LE FLUX ET LE REFLUX Agatha Christie

— Il l’est ?

— C’est bien ce que j’ai dit.

— Il serait vivant ? Alors, où est-il ?

Arden baissa la voix. Son ton devenait confidentiel.

— Tenez-vous vraiment à le savoir, Hunter ? Ne vaudrait-il pas mieux pour vous de continuer à l’ignorer ? Autant que vous sachiez et autant que Rosaleen sache, Underhay est mort en Afrique. Tenez-vous-en à ça ! Si Underhay est vivant, il ignore que sa femme a contracté un second mariage. Il l’ignore, parce que, s’il le savait, on le verrait reparaître… Nécessairement. Rosaleen, en effet, a hérité d’une jolie fortune, qui lui vient de son second époux. Mais, si cet homme n’a jamais été son mari, il faut bien admettre qu’elle n’a aucun droit à cet argent… Underhay a un sens très aigu de l’honneur. Il lui paraîtrait évidemment intolérable qu’elle conservât cette fortune sous un titre usurpé…

Après un silence, il reprit :

— Seulement, bien entendu, il est très possible qu’il ne sache jamais rien de ce second mariage. Il est très mal parti, le pauvre, très mal parti.

— Comment cela ?

Arden hocha la tête.

— La santé. Il est malade. Il a besoin de soins. Des traitements spéciaux… qui malheureusement coûtent fort cher.

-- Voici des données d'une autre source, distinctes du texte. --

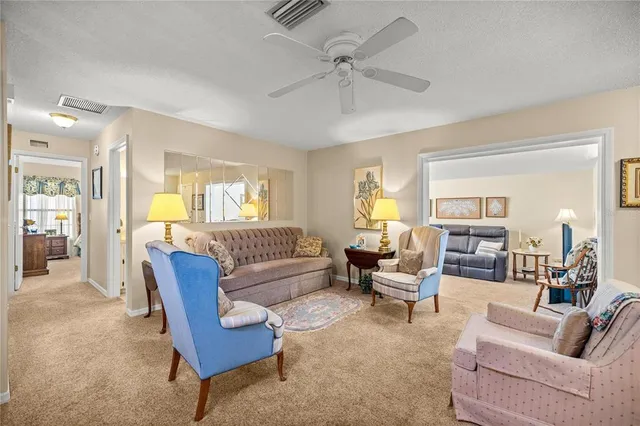 a living room with furniture and white walls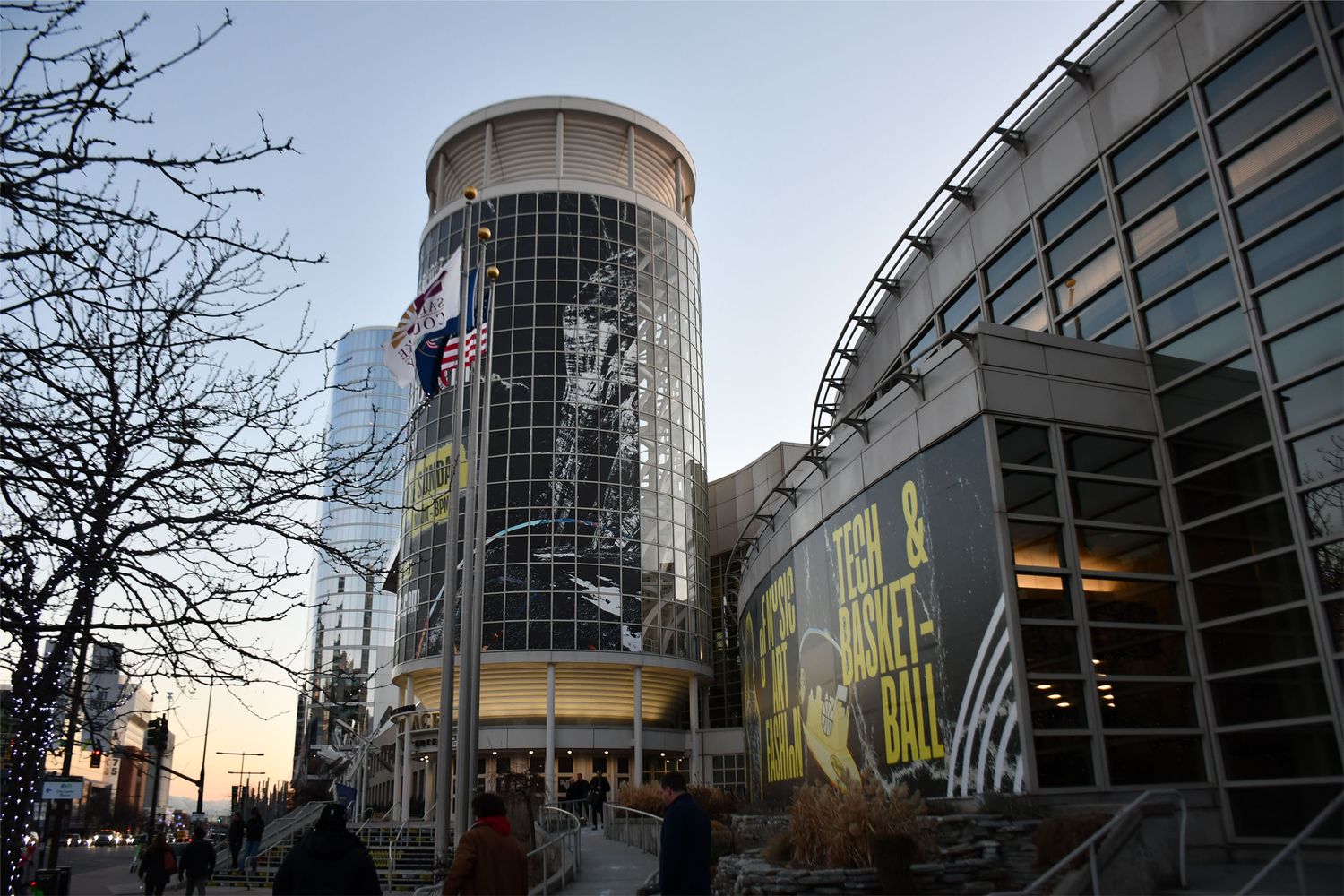 Modern glass office buildings with curved architecture photographed at dusk with bare tree branches visible.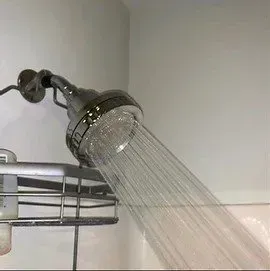 A shower head is spraying water in a bathroom.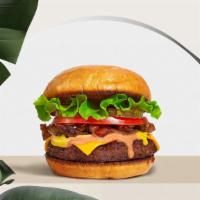 Primetime Classic Burger (Vegan) · Seasoned vegan burger patty topped with lettuce, tomato, onion, and pickles.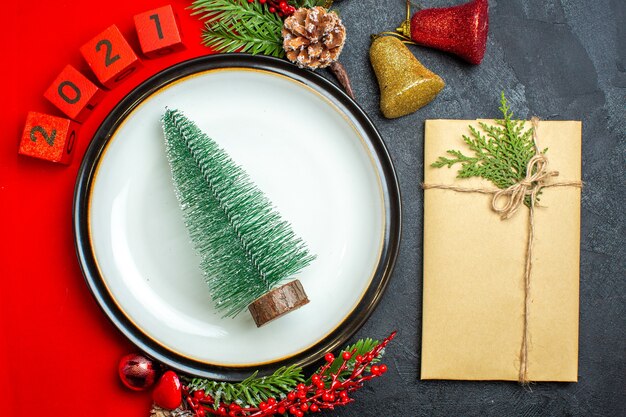 Vue de dessus du fond de nouvel an avec arbre de Noël sur assiette à dîner accessoires de décoration branches de sapin et numéros sur une serviette rouge à côté de cadeau sur une table noire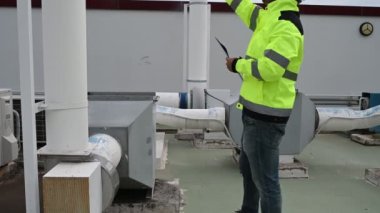 Klima teknisyeni binanın dışındaki birimleri tamir ediyor ve muhafaza ediyor.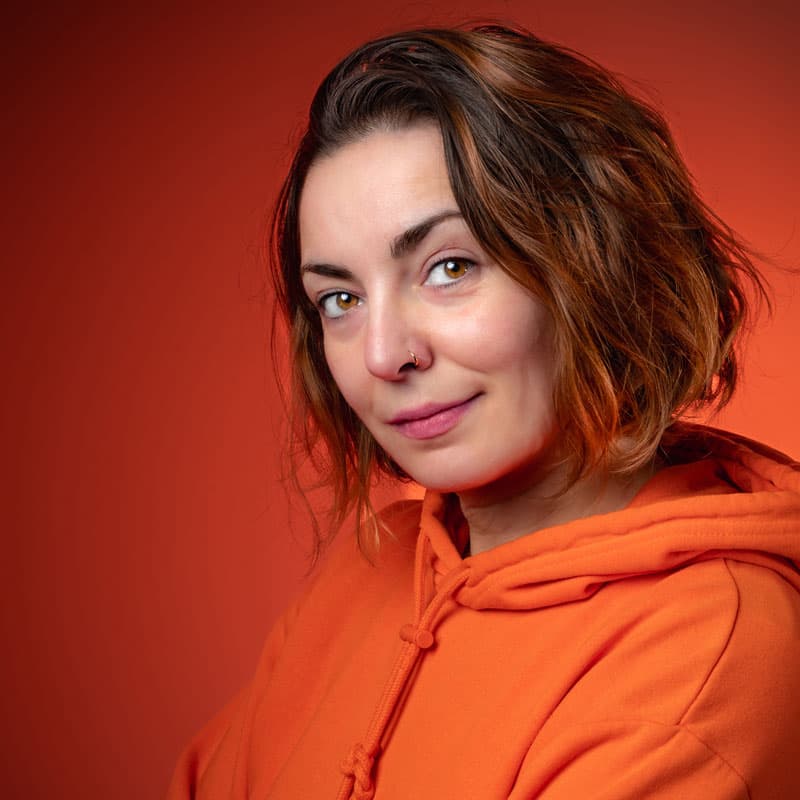 Portrait studio d'une jeune femme en sweat orange sur fond rouge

Ces derniers mots, David Hunter les attendait depuis un bon moment déjà. Il dit :

— Fort cher ?

— Oui. Aujourd’hui, tout est hors de prix et le pauvre Underhay est pratiquement sans le sou. Il ne possède guère que les vêtements qu’il a sur lui…

David jeta un coup d’œil autour de la pièce. Il remarqua le havresac posé sur une chaise. Arden n’avait ni malle, ni valise.

— Je me demande, dit Hunter d’une voix sèche, si Robert Underhay est vraiment aussi chevaleresque que vous le prétendez.

— Il l’a été, mais la vie a tendance à transformer chacun de nous en un parfait cynique.

Très doucement, après une pause, Arden reprit :

— Gordon Cloade était incroyablement riche. Devant une fortune si considérable, les plus bas instincts se réveillent !

David Hunter se leva.

— Je vais vous donner ma réponse : allez au diable !

Imperturbable, Arden souriait.

— J’attendais ça !

— Vous êtes un ignoble maître chanteur, ni plus, ni moins. Faites ce que vous voulez ! Je ne marche pas.

— Un scandale ? Vous n’avez pas peur que j’aille raconter cette histoire-là aux journaux ? Ça vous ennuierait peut-être plus que vous ne voulez bien le dire, mais ce n’est pas mon intention. J’ai d’autres clients.

— Vous dites ?

— Que je peux m’adresser aux Cloade. J’imagine qu’ils ne me mettraient pas à la porte si j’allais leur dire : « Au fait, savez-vous que feu Robert Underhay est toujours bien vivant ? »

David eut un ricanement de mépris.

— Vous ne pourrez pas leur arracher un sou ! Ils sont fauchés, tous !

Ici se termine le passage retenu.